Sono necessarie alcune premesse al fine di comprendere i termini della questione.
In seno alle procedure esecutive (individuali e, come nel suo caso, concorsuali), il trasferimento della proprietà costituisce una fattispecie a formazione complessa che parte dall’aggiudicazione, passa per il versamento del prezzo e si completa con la pronuncia (su cui torneremo alla fine) del decreto di trasferimento.
La determinazione del momento di produzione dell’effetto traslativo non è pacifica, essendosi registrate in dottrina autorevoli opinioni che l’hanno fatta decorrere dall’aggiudicazione o dal versamento del saldo prezzo.
In giurisprudenza, comunque, prevale nettamente l’idea che il trasferimento della proprietà si determina con il decreto di trasferimento, sebbene si tratti di effetto che, come detto, postula l’intervenuto versamento del saldo prezzo, in mancanza del quale esso non si produce (Cass., 2-4-1997, n. 2867; 28-8-1997, n. 7749; 20-10-1997, n.9630; 16-9-2008, n. 23709).
Diverso, ma intimamente connesso a quello appena succintamente riassunto, è il tema della revocabilità, e dunque della stabilità, del decreto di trasferimento (e del suo effetto traslativo), a norma dell’art. 487 c.p.c., a mente del quale “Salvo che la legge disponga altrimenti, i provvedimenti del giudice dell'esecuzione sono dati con ordinanza, che può essere dal giudice stesso modificata o revocata finché non abbia avuto esecuzione.

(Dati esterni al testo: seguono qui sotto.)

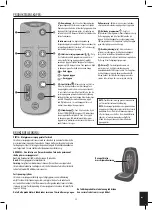 Preview for 29 page of HoMedics BMSC-3000H-EU Instruction Manual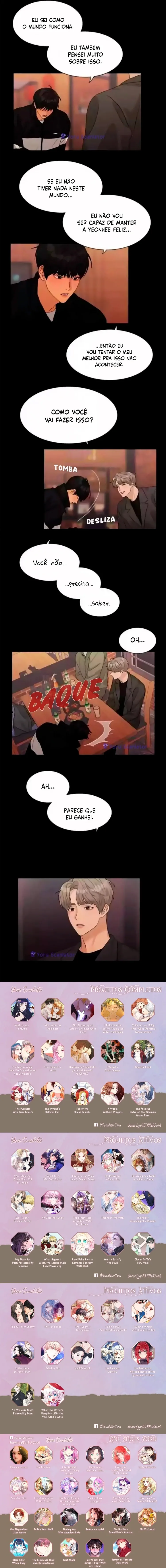 Para Amar seu Inimigo Capítulo 68 Página 5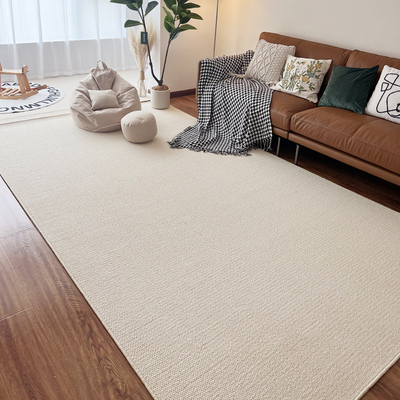 华德客厅毯门口日韩中式防滑地毯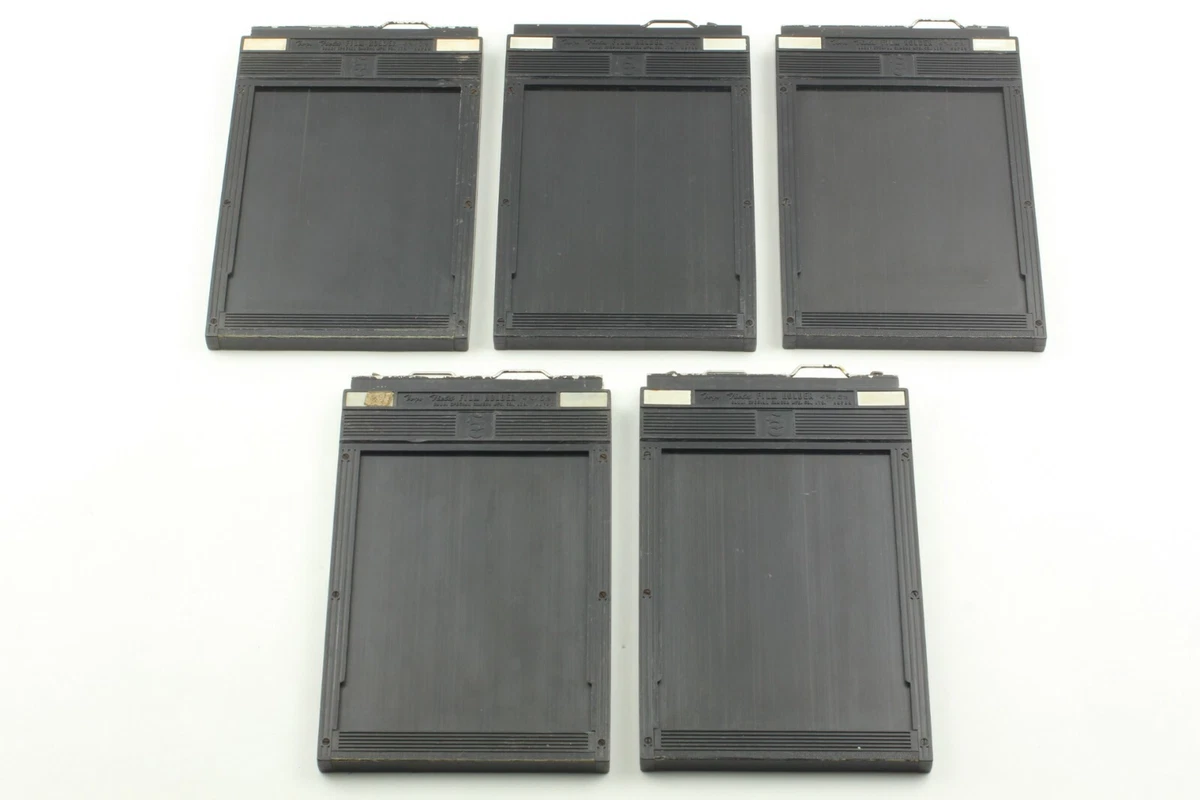 TOYO 4x5 in Camera Camera Film Cut Film Holders for sale | eBay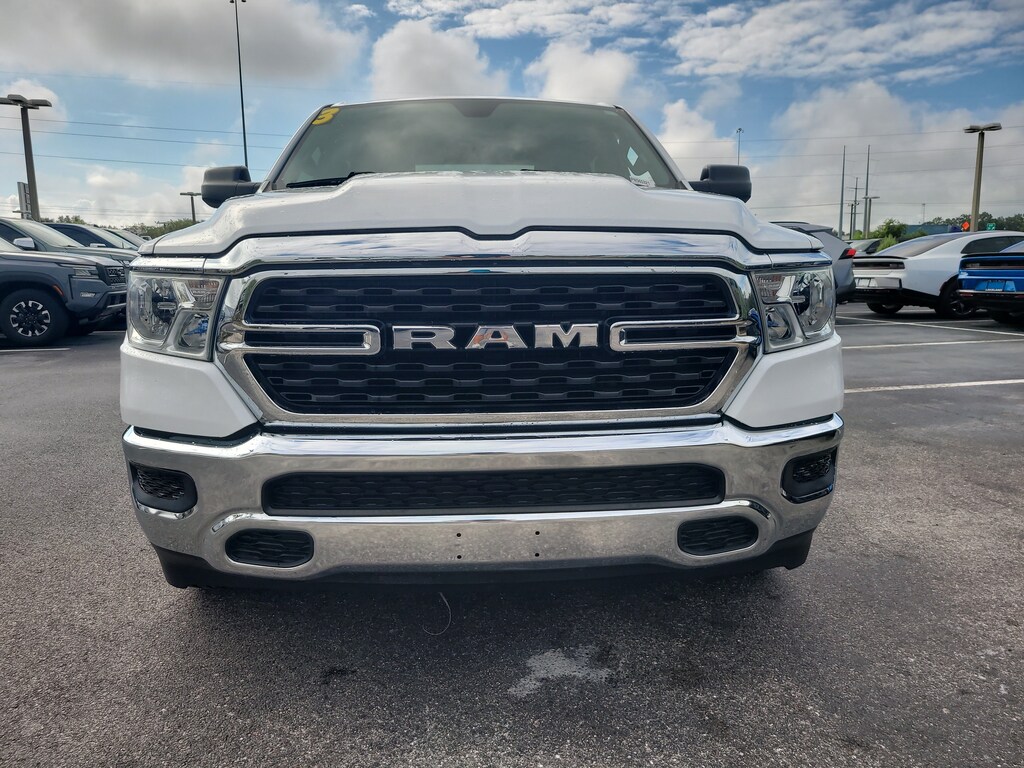 Used 2023 Ram 1500 Big Horn/Lone Star Truck Crew Cab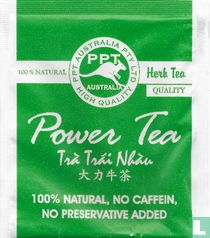 PPT Australia PTY LTD sachets de thé catalogue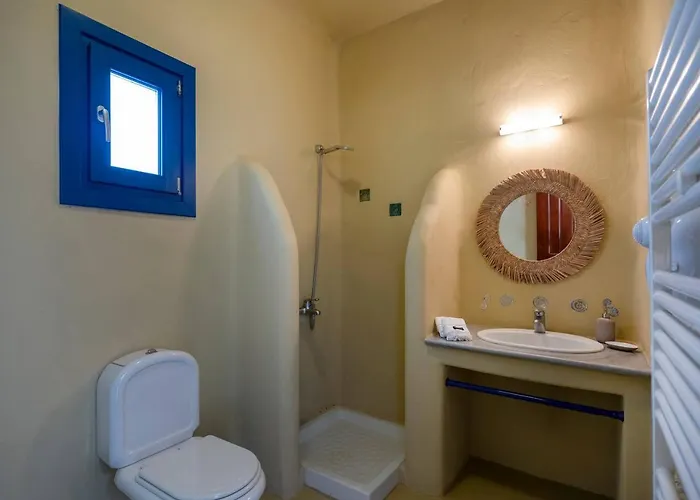 Bianca - Sunset And Access Kampos (Antiparos)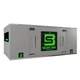 Шумобокс на два асіка SILENT BOX TRANSFORMER 2 Gray (TR2Gray) - изображение 1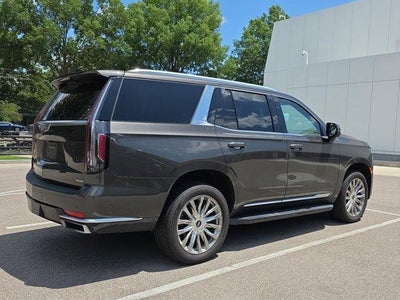 2021 Cadillac Escalade Premium Luxury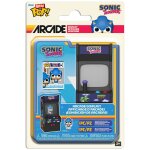 Figurine funko pop - sonic le hrisson - sonic - arcade (85250)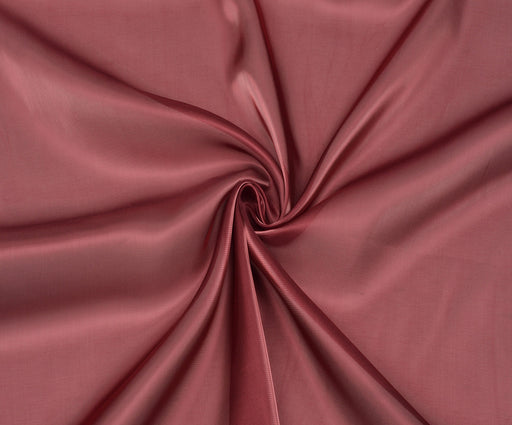 SATEN ORGANZE ŞİFON KUMAŞ - BORDO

La giurisprudenza sopra citata ha individuato questo momento nel compimento delle formalità indicate al comma primo dell’art. 586, vale a dire registrazione (da eseguirsi nel termine di venti giorni), trascrizione e voltura catastale del decreto di trasferimento (da compiersi nel termine di trenta giorni).
Ed allora, se così è, siamo dell’avviso che se il trasferimento della proprietà si produce con il decreto di trasferimento, è da quel momento che l’acquirente - nuovo proprietario – ha diritto ad ottenere la consegna del bene, a prescindere dal fatto che l’effetto traslativo diventi irrevocabile in un momento successivo.

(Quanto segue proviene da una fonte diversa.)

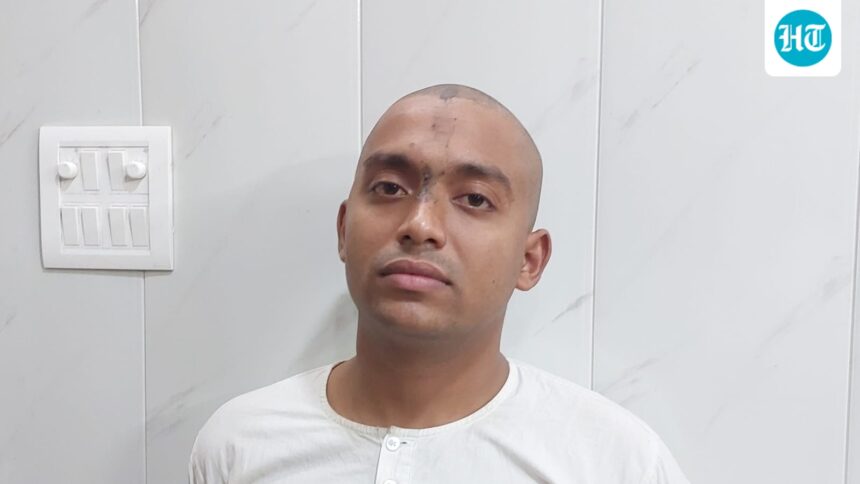 lured-women-with-career-prospects-and-drugged-them-in-prasad-iitian-baba-arrested-on-rape-extortion-charges-in-up | GIBN lured-women-with-‘career-prospects’-and-drugged-them-in-‘prasad’:-iitian-baba-arrested-on-rape,-extortion-charges-in-up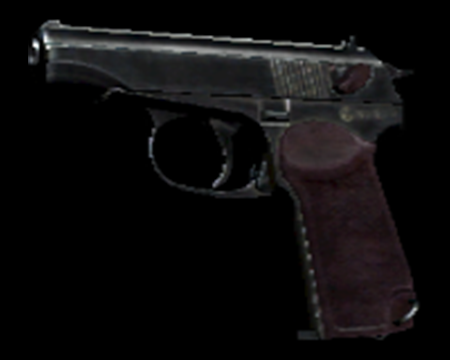 Image of Handgun MPM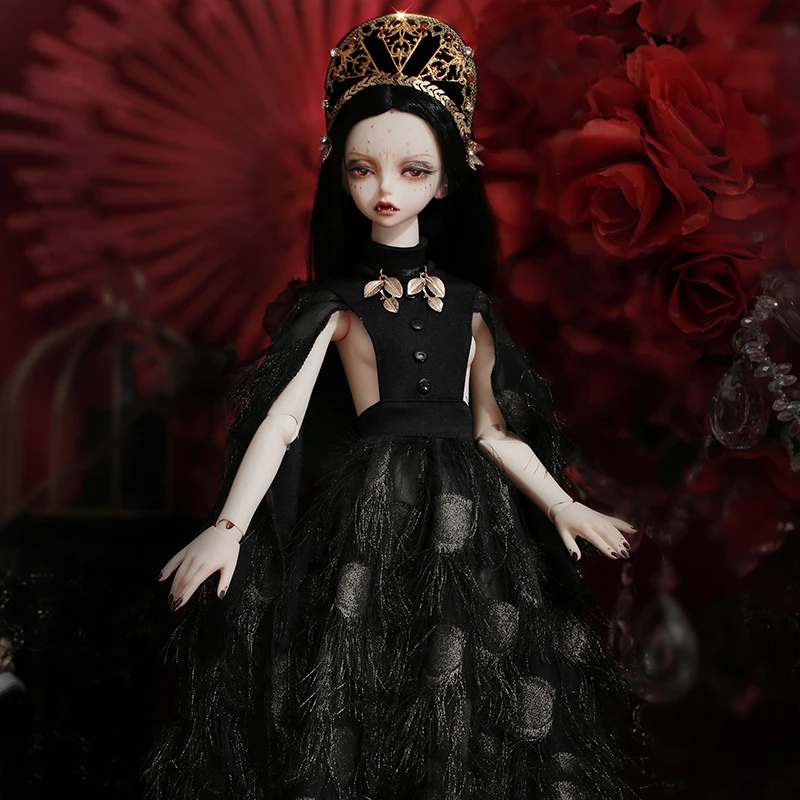 Шарнирная кукла Shuga BJD 1/3 резиновые куклы еми полный набор полная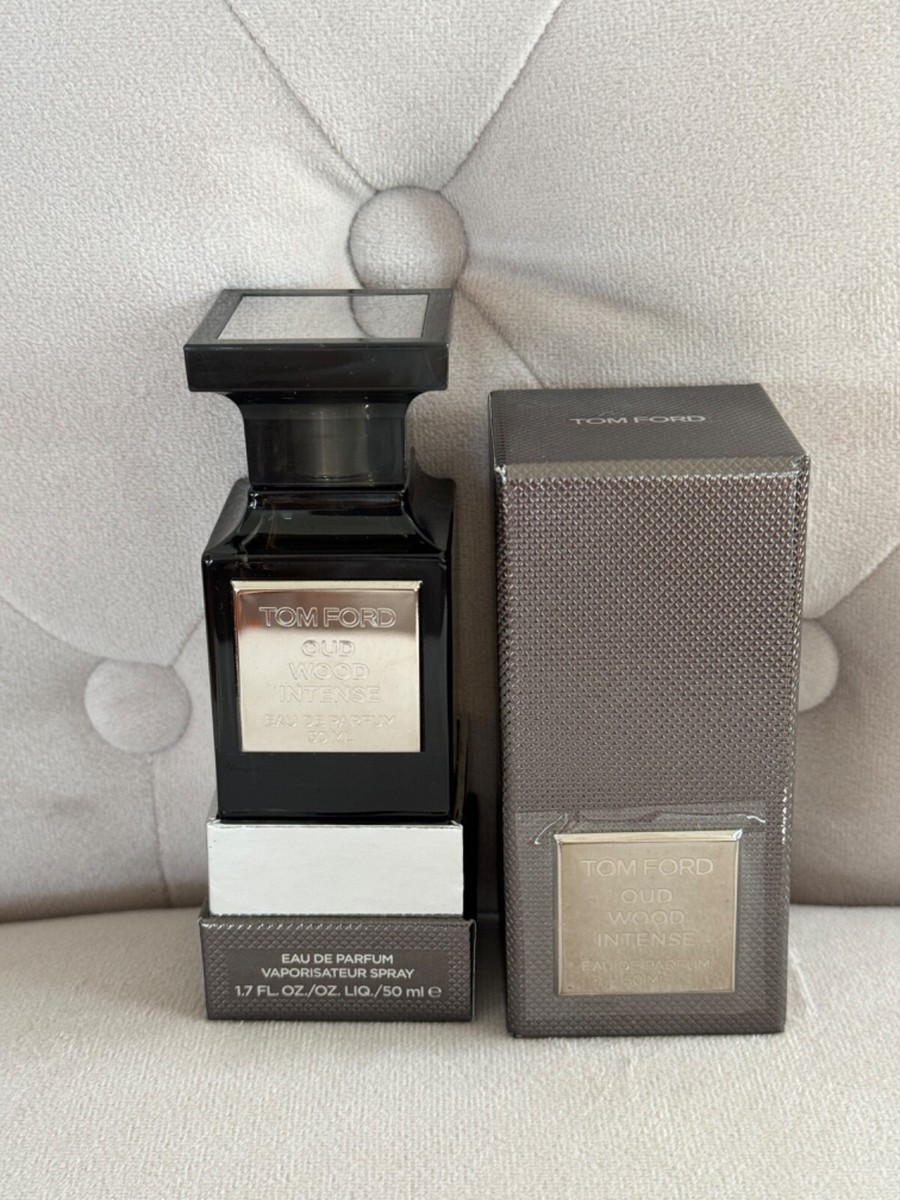 TOM FORD OUD WOOD INTENSE Eau de Parfum 1.7OZ/50ML - DISCONTINUED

Ergo, l’acquirente da quel momento consegue il diritto ad ottenere la consegna del bene non tanto in forza della previsione dell’art. 586 c.p.c. quanto in base alla previsione di cui all’art. 1476 c.c. posto che “Nella vendita forzata, pur non essendo ravvisabile un incontro di consensi, tra l'offerente ed il giudice, produttivo dell'effetto transattivo, essendo l'atto di autonomia privata incompatibile con l'esercizio della funzione giurisdizionale, l'offerta di acquisto del partecipante alla gara costituisce il presupposto negoziale dell'atto giurisdizionale di vendita” (Cassazione civile, sez. I 17 febbraio 1995, n. 1730).

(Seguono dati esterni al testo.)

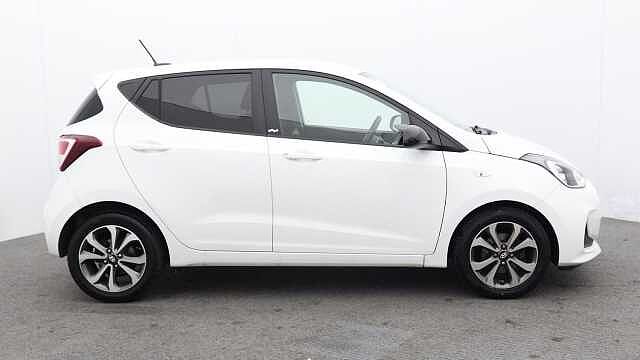 Hyundai i10 1.0 Play Hatchback 5dr Petrol Manual Euro 6 (67 ps)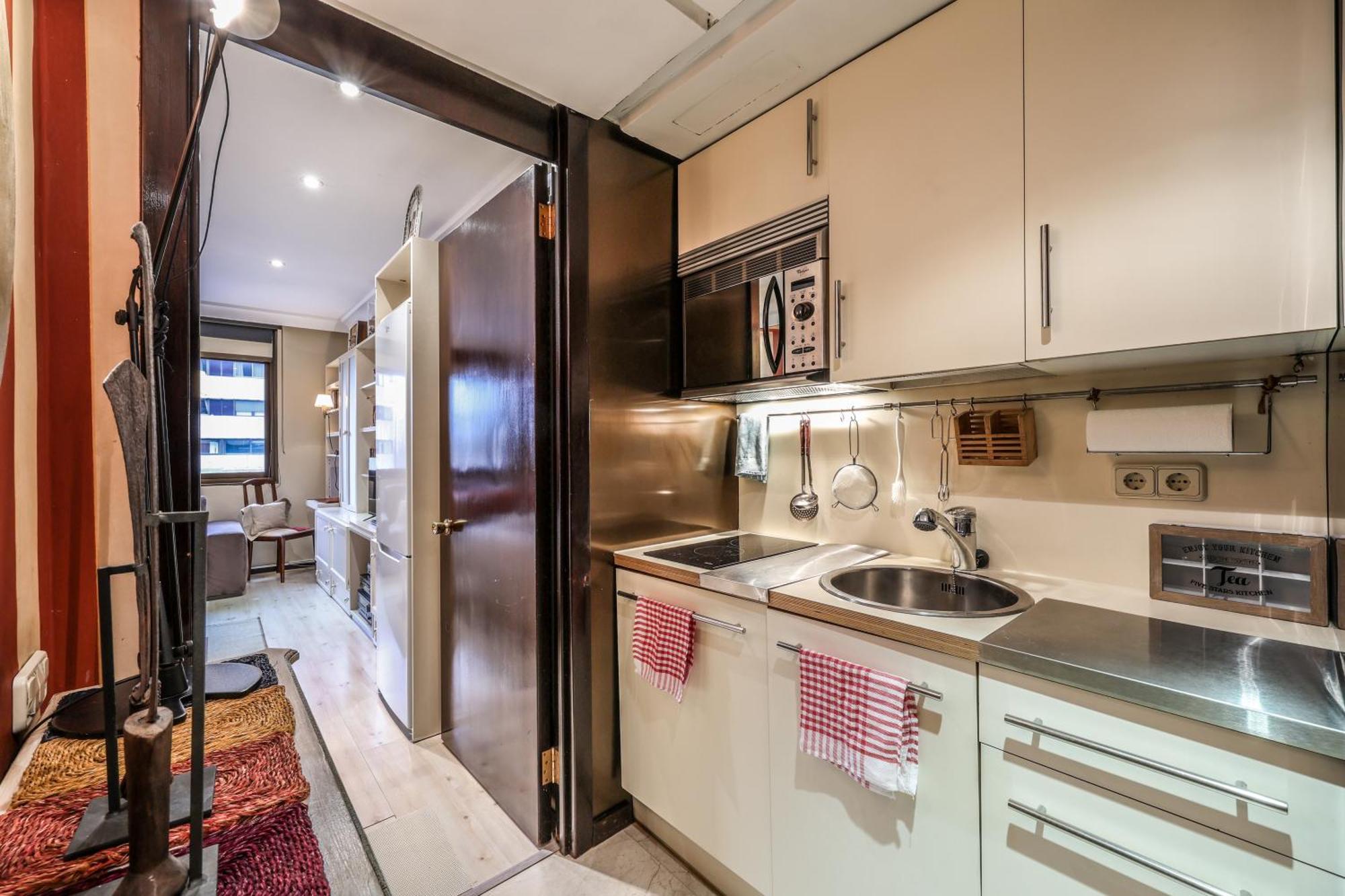 Salamanca Suites By Arco Madrid Buitenkant foto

Ciò premesso, evidenziamo che nella prassi molto spesso accade che, per evitare che decorrano i termini entro i quali devono essere compiute le formalità successive all’emissione del decreto di trasferimento questo, una volta firmato dal Giudice non viene formalmente depositato subito in cancelleria (momento nel quale il decreto materialmente esiste come atto del processo) ma dopo il compimento delle succitate formalità, sicché paradossalmente fino a quel momento l’effetto traslativo non si è ancora prodotto, proprio perché a tal fine occorre il materiale deposito in cancelleria.
In definitiva, allora, il suggerimento che ci sentiamo di dare è quello di verificare in cancelleria se il decreto di trasferimento sia stato formalmente depositato. In caso affermativo il curatore andrà diffidato alla consegna del bene.